There’s a universal trade-off between early growth and lifespan in trees, according to a new study, which showed faster growth has a direct and negative effect on the lifespan of trees. This could mean bad news for the climate crisis, challenging the idea that greater growth would mean greater carbon storage.
Trees grow faster in warmer areas of the planet and this should help stop global warming, as they can absorb more carbon dioxide from the air as they grow. But this apparently beneficial cycle was questioned by a new study, which showed the faster trees grow, the sooner they die — no extra carbon included.
“While it has been known for a long time that fast-growing trees live shorter, so far this was only shown for a few species and at a few sites,” Roel Brienen, lead author, said in a statement. “We started a global analysis and were surprised to find that these trade-offs are incredibly common. It occurred in almost all species we looked at.”
For decades forests have provided an important carbon sink, especially as global warming started to kick in. However, Brienen and his team recently found that carbon accrual in the Amazon had declined by a third since the 1990s. This led them to explore the link between tree growth and longevity in as many species as possible.
Their new study is the largest one so far to look at the link between the growth and lifespan of trees. The researchers looked at more than 200,000 tree-ring records from 82 tree species from sites around the globe. They confirmed that the accelerated growth led to a shorter lifespan and that this happened in all species and climates.

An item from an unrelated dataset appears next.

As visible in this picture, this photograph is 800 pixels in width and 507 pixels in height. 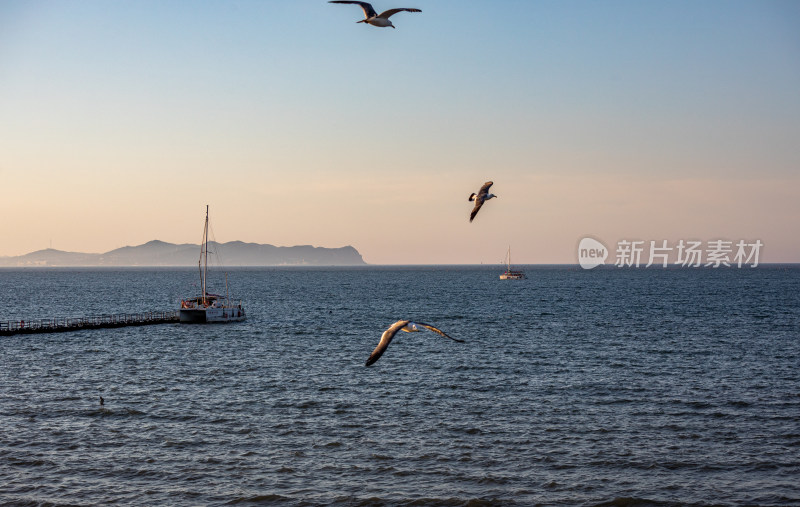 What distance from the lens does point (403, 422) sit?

The researchers suggested that the growth-lifespan trade-off is due to a higher risk of dying, as trees reach their maximum potential tree size sooner. But other factors also play a role. For example, trees that grow faster invest less in defenses against diseases or insect attacks.

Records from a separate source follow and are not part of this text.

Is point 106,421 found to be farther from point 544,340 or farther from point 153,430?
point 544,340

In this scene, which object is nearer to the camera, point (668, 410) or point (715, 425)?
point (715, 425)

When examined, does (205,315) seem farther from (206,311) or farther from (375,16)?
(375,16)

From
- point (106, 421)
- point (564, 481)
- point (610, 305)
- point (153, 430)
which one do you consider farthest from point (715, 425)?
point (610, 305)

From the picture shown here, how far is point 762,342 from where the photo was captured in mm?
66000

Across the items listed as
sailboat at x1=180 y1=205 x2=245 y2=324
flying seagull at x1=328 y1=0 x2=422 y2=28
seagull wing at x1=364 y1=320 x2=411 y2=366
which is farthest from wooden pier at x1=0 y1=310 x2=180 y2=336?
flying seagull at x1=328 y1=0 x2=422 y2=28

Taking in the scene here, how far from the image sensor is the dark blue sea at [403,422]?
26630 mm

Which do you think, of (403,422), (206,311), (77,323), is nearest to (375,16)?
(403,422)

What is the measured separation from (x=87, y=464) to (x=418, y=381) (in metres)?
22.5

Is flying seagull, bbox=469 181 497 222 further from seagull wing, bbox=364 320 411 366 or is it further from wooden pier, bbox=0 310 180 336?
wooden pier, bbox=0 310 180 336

“Our findings, very much like the story of the tortoise and the hare, indicate that there are traits within the fastest growing trees that make them vulnerable, whereas slower growing trees have traits that allow them to persist,” said co-author Steve Voelker. “Carbon uptake rates of forests are likely to be on the wane as slow-growing and persistent trees are supplanted by fast-growing but vulnerable trees.”

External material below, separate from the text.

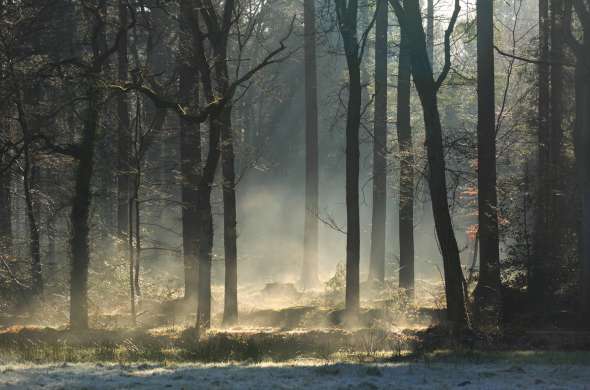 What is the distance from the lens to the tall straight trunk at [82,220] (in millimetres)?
16438

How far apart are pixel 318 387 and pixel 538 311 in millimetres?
11696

This would eventually reverse any carbon storage gains and diminish hopes for the future capacity of the terrestrial carbon sink, requiring the world to reduce its emissions much faster.
However, this doesn’t mean trees aren’t relevant in mitigating the climate crisis. Keith Kirby, woodland ecologist at the University of Oxford, not involved in the study, told The Guardian that despite the world can’t rely as much on the growth of trees to enhance forest carbon sink potential, this could be offset by slowing deforestation and expanding forests.